A segunda mensagem que me causou impacto foi: “Esse assunto de competências para o século XXI já está velho. Ninguém quer mais falar sobre isso. Queremos algo sobre ensino híbrido”.
Com a primeira resposta, após o choque, concordei. Desde 13 de março de 2020 que professores no mundo inteiro tiveram suas vidas profissionais chacoalhadas e modificadas em tempo real enquanto tentavam arduamente aprender e reaprender na velocidade da luz sobre formas diferentes de executar suas funções.
Sobre as competências para o mundo complexo
O momento o qual vivemos, assim como nosso mundo, é complexo. Entretanto, é por meio de soluções cada vez mais simples que iremos solucionar tais demandas. A era de complexidade em que a resolução de problemas passa por desmontá-los e analisar linearmente cada engrenagem deu lugar à era da síntese, do holístico e da Gestalt. Portanto, a síntese não pode ser complexa demais a ponto de não ser vista e compreendida. E mais importante, a ponto de não ser aplicada.
Passamos ao segundo ponto: competências do século XXI estão ultrapassadas. O assunto do momento é o ensino híbrido.
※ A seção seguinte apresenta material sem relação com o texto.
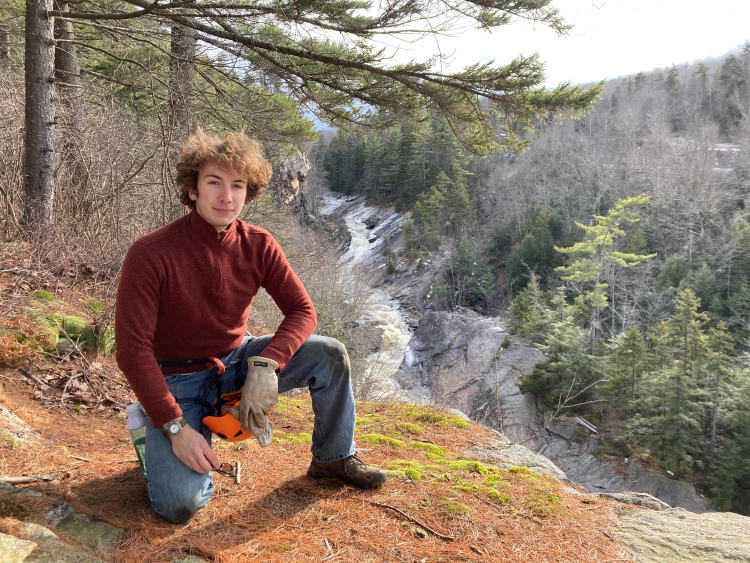 Man crouching down on the ground. He's in nature with a long gorge like stream in the background. Many of the leaves have fallen off the trees.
Durante algum tempo me perguntei se a questão era oferecer formação continuada de qualidade ou apenas entregar “assuntos do momento”, ainda que o século XXI não tenha acabado. Tampouco penso que as escolas brasileiras tenham finalizado a etapa de implementação de estratégias para desenvolver nos alunos e professores as referidas competências a ponto de fecharmos de vez o assunto.
Fato é que, muito falamos sobre formação ou aprendizagem para a vida (neste texto como tradução livre para lifelong learning) mas com o mundo exigindo mudanças constantes e rápidas, a capacidade de aprender e a curadoria do que aprender têm se revelado desafiadoras.
Acredito que a pergunta crucial seja sobre como incutir a dinâmica da aprendizagem contínua desde cedo em nossas crianças. Só assim, teremos a geração de pessoas e profissionais que buscam conhecimento e aplicabilidade genuínos.
Mas como endereçar o assunto na escola? Como concatenar currículos de maneira que toda a experiência escolar seja pautada na ótica da aprendizagem contínua?
Com os estudantes cada vez mais focados em um estudo voltado para avaliações, a tarefa parece hercúlea. Entretanto, existem caminhos.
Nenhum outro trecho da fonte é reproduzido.